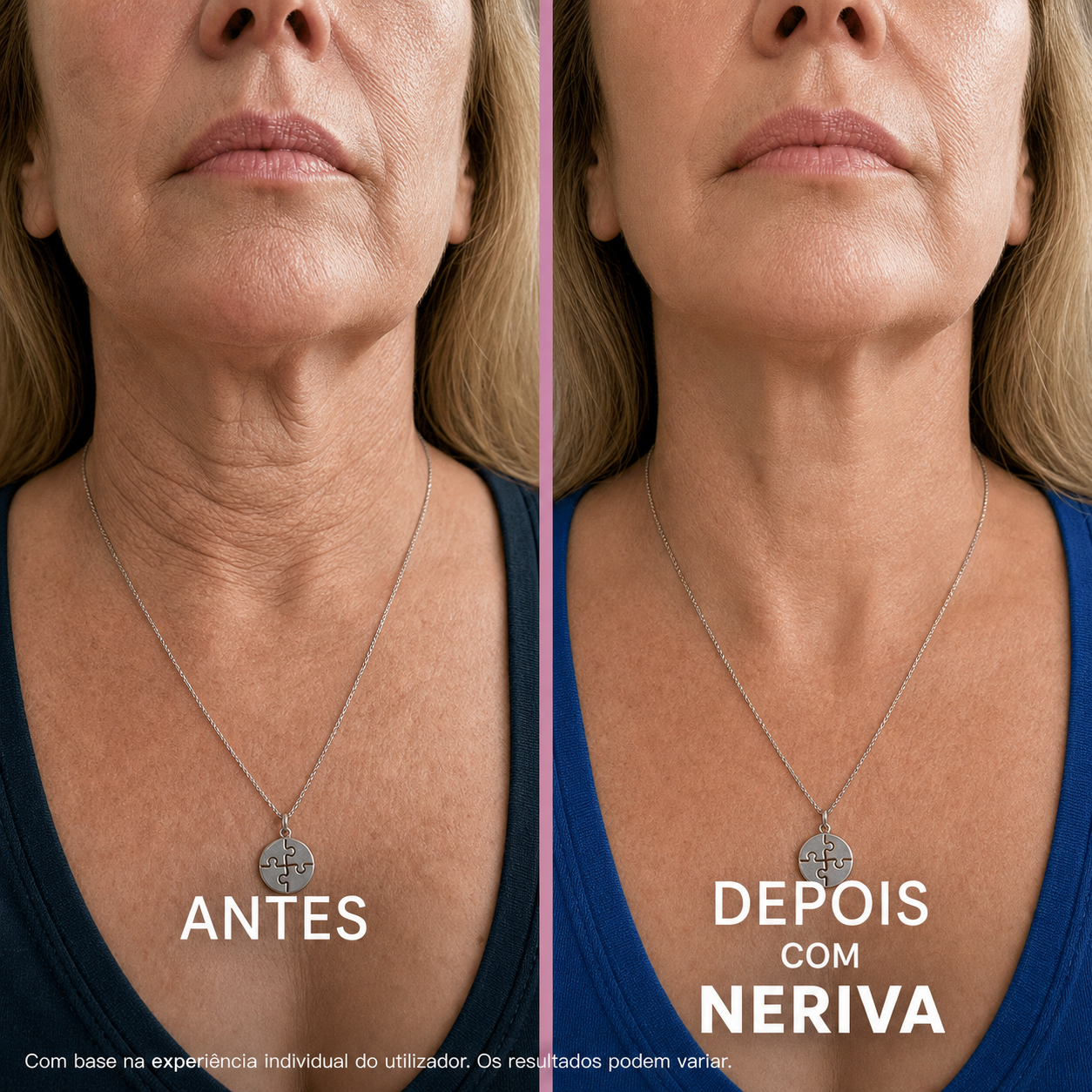 Creme firmador e lifting para o Pescoço e Colo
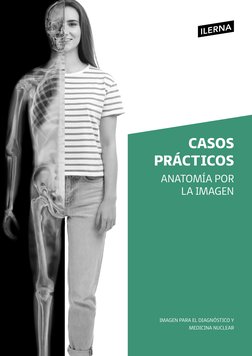 CASOS 
PRÁCTICOS
IMAGEN PARA EL DIAGNÓSTICO Y 
MEDICINA NUCLEAR
ANATOMÍA POR 
 LA IMAGEN
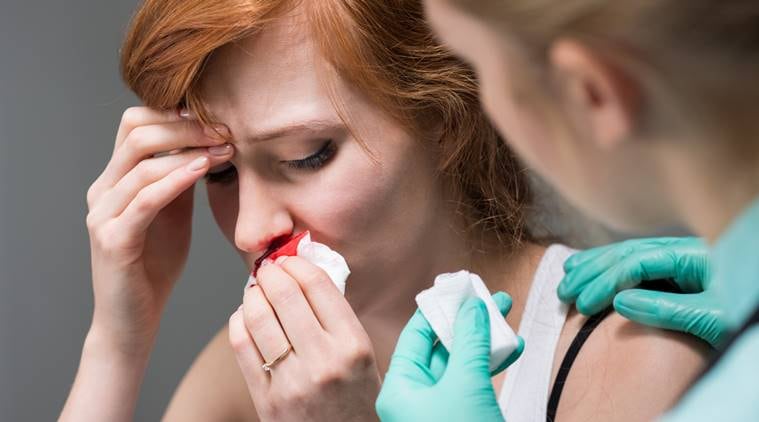 nosebleed-causes-and-treatments-familydoctor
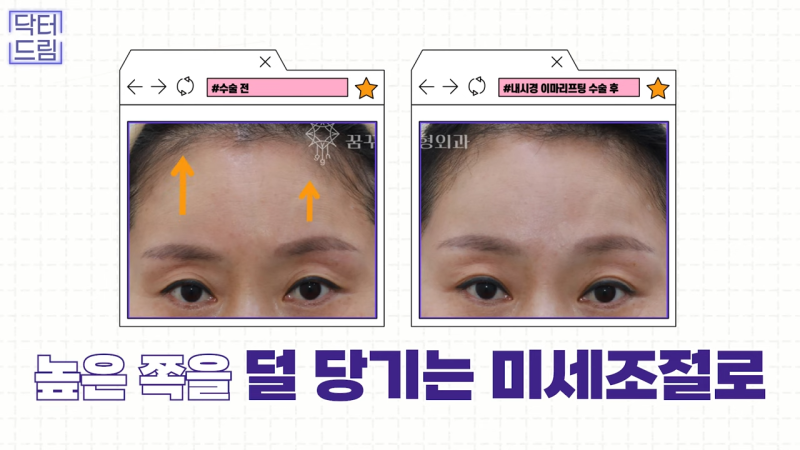 [강남 꿈꾸는 성형외과] 내시경 이마 리프팅 제대로 효과 보는 법 사진 17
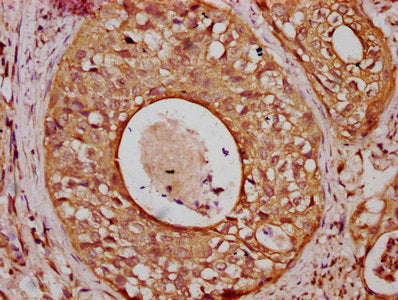 IHC image of CSB-PA005302LA01HU diluted at 1:800 and staining in paraffin-embedded human cervical cancer performed on a Leica BondTM system. After dewaxing and hydration, antigen retrieval was mediated by high pressure in a citrate buffer (pH 6.0)...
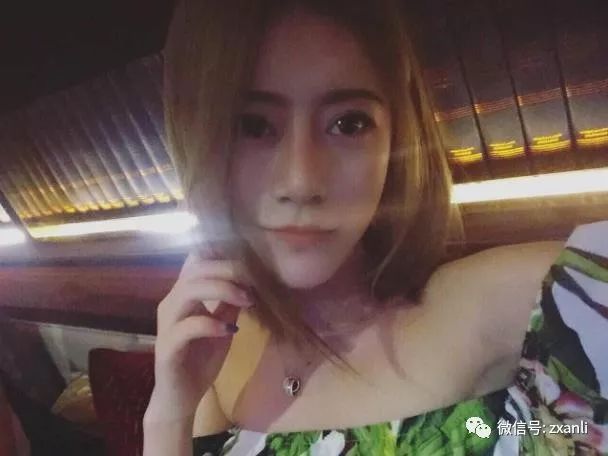 隆鼻前后对比，差别竟然如此大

What is being asked:
There should be an exact restatement of the lines from the line with "[강남 꿈꾸는 성형외과] 내시경 이마 리프팅 제대로 효과 보는 법 사진 17" through the last line of the entries above, and no pictures in it.

Exercise answer:
 [강남 꿈꾸는 성형외과] 내시경 이마 리프팅 제대로 효과 보는 법 사진 17
 IHC image of CSB-PA005302LA01HU diluted at 1:800 and staining in paraffin-embedded human cervical cancer performed on a Leica BondTM system. After dewaxing and hydration, antigen retrieval was mediated by high pressure in a citrate buffer (pH 6.0)...
 隆鼻前后对比，差别竟然如此大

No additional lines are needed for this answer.